►
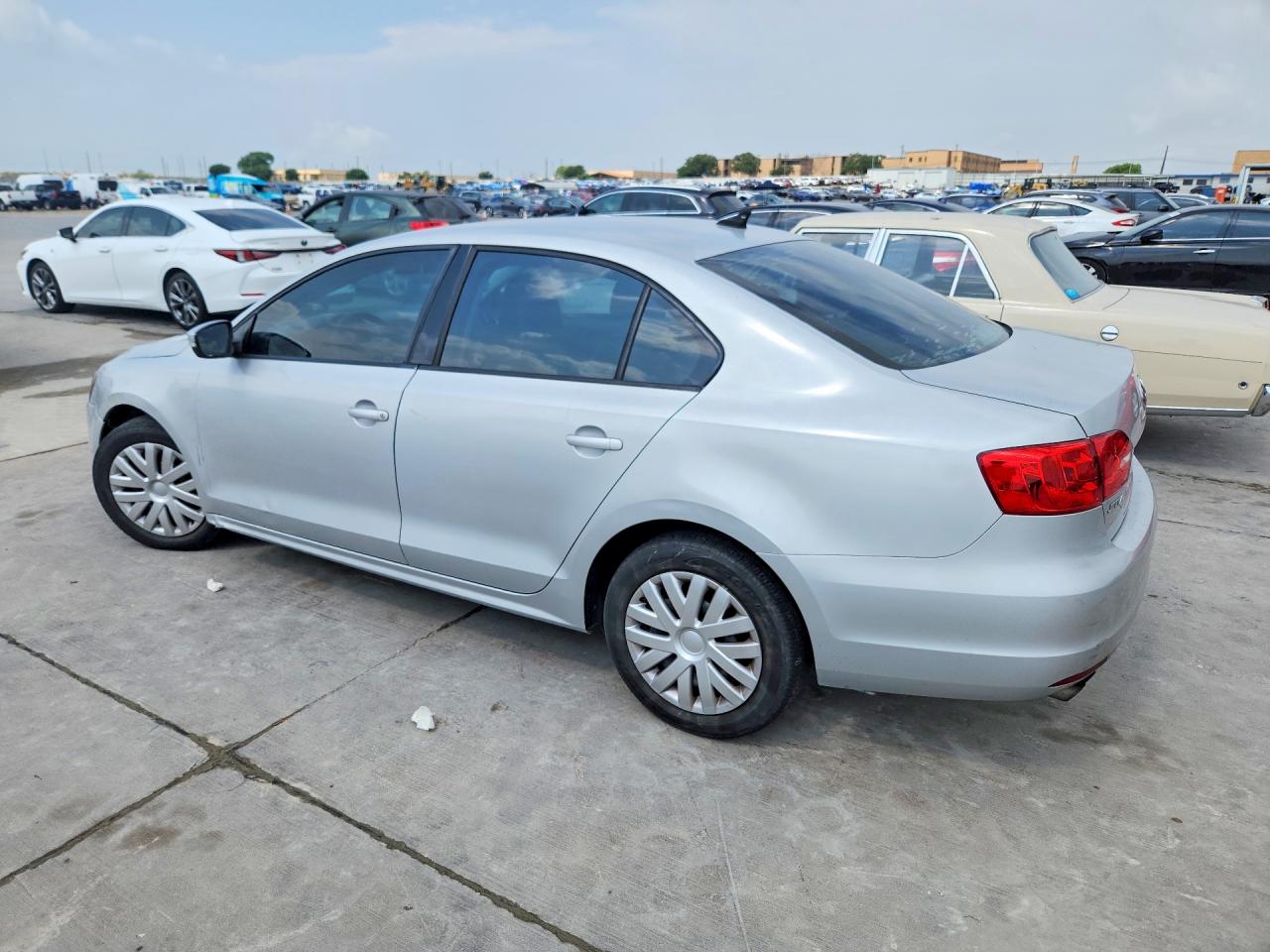 2014 Volkswagen Jetta Se Silver vin: 3VWD17AJXEM214154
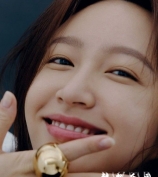 Hani 甜美笑容展现温暖恬静气质 最新写真曝光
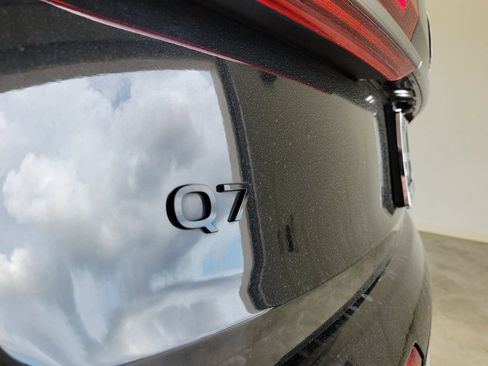 Used 2025 Audi Q7 3.0T Premium Plus AWD/4WD image 8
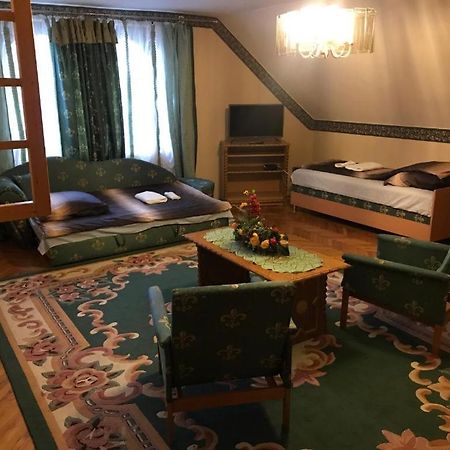 Brassoi Vendeghaz Hotel มิชโคลซ์ ภายนอก รูปภาพ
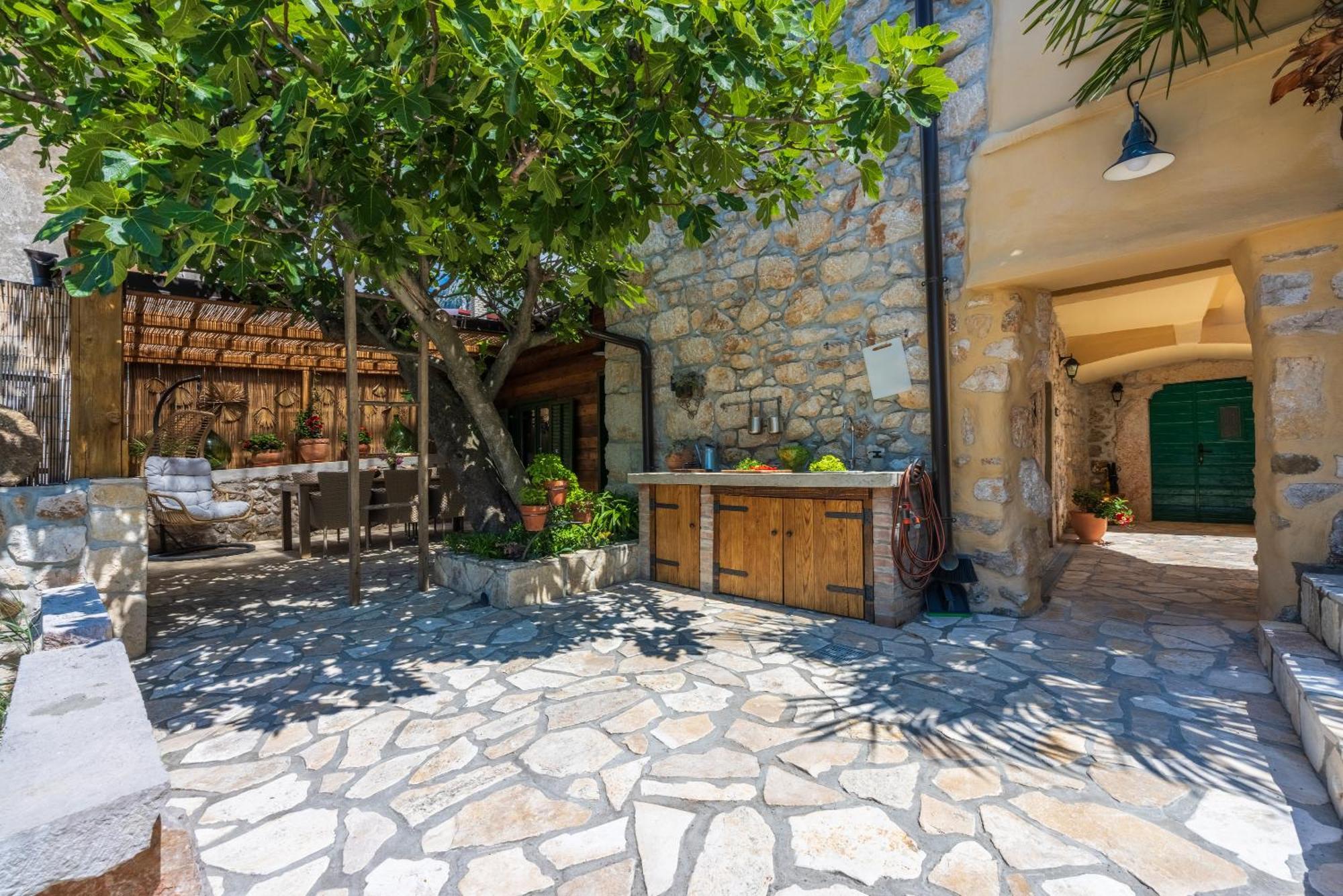 Villa Cocoon - Vacation Home With Heated Pool & Garden Bribir  Exterior foto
◄
WORK TO BE COMPLETED — Write out the material above exactly, and omit the pictures it holds.

RESULT BELOW —
 2014 Volkswagen Jetta Se Silver vin: 3VWD17AJXEM214154
 Hani 甜美笑容展现温暖恬静气质 最新写真曝光
 Used 2025 Audi Q7 3.0T Premium Plus AWD/4WD image 8
 Brassoi Vendeghaz Hotel มิชโคลซ์ ภายนอก รูปภาพ
 Villa Cocoon - Vacation Home With Heated Pool & Garden Bribir  Exterior foto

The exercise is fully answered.